In late 80s Cardiff, Charlie (Carlyle) and his son Jamie (Fuller) are on the run. Charlie is undercover, on a secret mission that revolves around the presumably nefarious activities of new satellite television company. Whilst Charlie goes about his top secret business, Jamie spends time at his Uncle Ernie’s house and enrols at a new school, waiting for his father to complete his mission, after which the pair will relocate to America and live off the substantial wage Charlie will earn. Things become inevitably more complicated and soon Jamie begins to question his father’s motives.
Initially, I found I Know You Know frustrating; its shifts in tone, from buoyant father and son drama to mysterious spy thriller via schoolyard mishaps and back again seemed annoying and inconsistent. Guy Farley’s score is at times truly dreadful, a shamelessly unsubtle attempt to conjure emotional reactions through clichéd and trite piano passages. I also think the title is pretty rubbish.
There is a more than substantial bright side though. Robert Carlyle, perhaps one of the most charismatic screen presences working today, channels the erratic danger of Begbie into his performance, leaving the audience on tenterhooks as to which way his manic energy will send the scene. First-time actor Aaron Fuller is also good and proves very capable in role that demands a lot of narrative-carrying responsibility.

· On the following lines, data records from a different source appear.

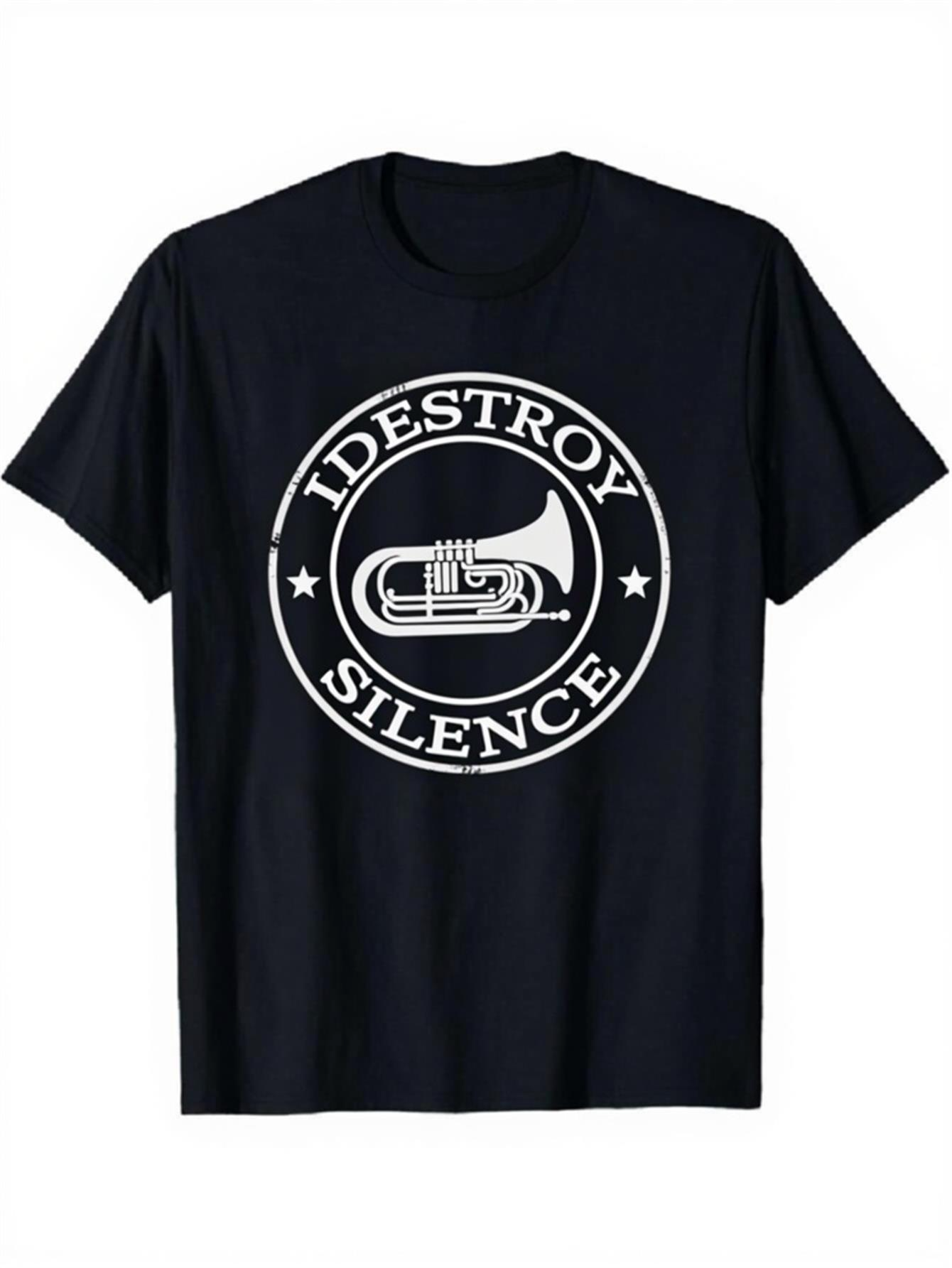 Men's Graphic T-Shirt Destroy Silence Marching Band Tuba Surrounded By Circular Stars Design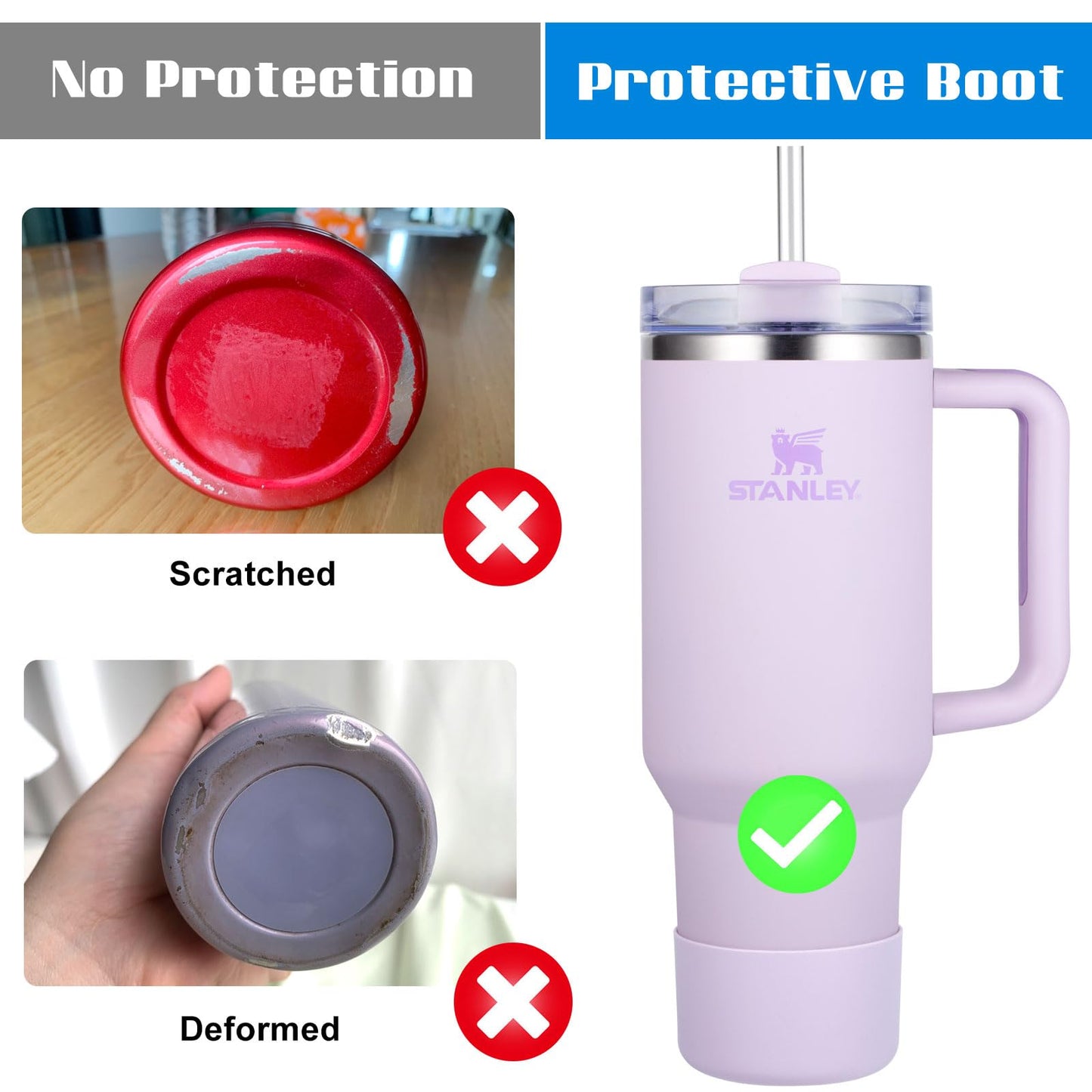 DBIW Boot for Hydro Flask 12-24OZ Water Bottle/Stanley Tumbler 40OZ, Bottom Boots for Hydroflask Sports Water Bottles, Silicone Bottom Cover Sleeve (Orchid, Fits Stanley Cups + Hydro 12-24 oz)
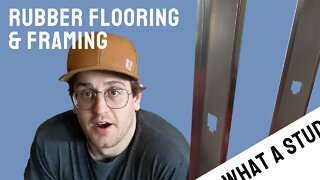 Rubber floors and steel studs in woodworking basement shop! ep02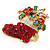Red Crystal Christmas Stocking Holiday Ring In Gold Plating - 30mm Across - Size 7/8 - view 7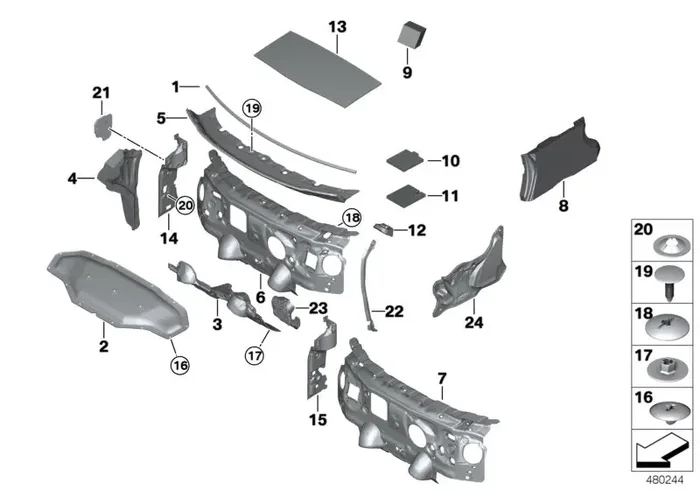 Genuine BMW 51487298899 F46 Sound Insulat., Splash Wall, Upper Part LHD (Inc. 218d, 225xe & 218i)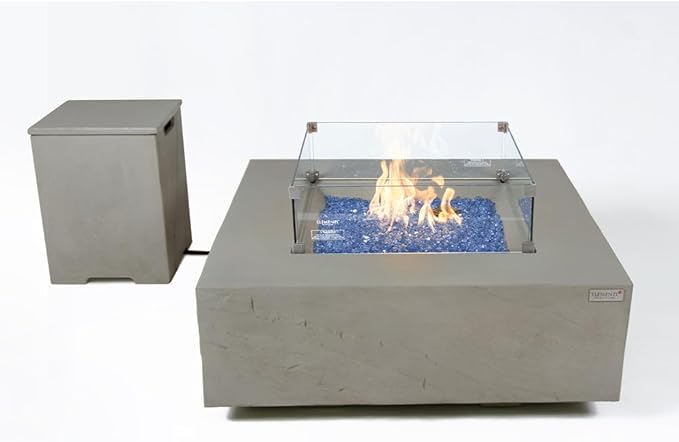 Capertee Concrete Fire Pit 40" x 40" Patio Firepit Includes Fire Glass Modern Fire Pits & Outdoor Fireplaces for Garden, Deck, Indoor & Outdoor Heating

The drama takes interesting twists and turns, and director Justin Kerrigan, whose late father the film is partly based on and dedicated to, portrays South Wales in an atmospheric and uncomforting manner. In contrast to the dingy suburbs in which most of the action takes place are the father and son’s dream of American escape. Jamie constantly wears a New York Giants baseball cap and basketball vests while Charlie is enamoured with space travel and has a poster of a NASA shuttle launch. Their desperate surroundings and situations turn these longings into cruel jokes, the irony made all the more cutting by the film’s deeply moving ending.
While difficult to get into at first, I Know You Know proved to be a satisfying and sad viewing by the final scene. A serious and highly commendable film that refuses to be pigeon-holed.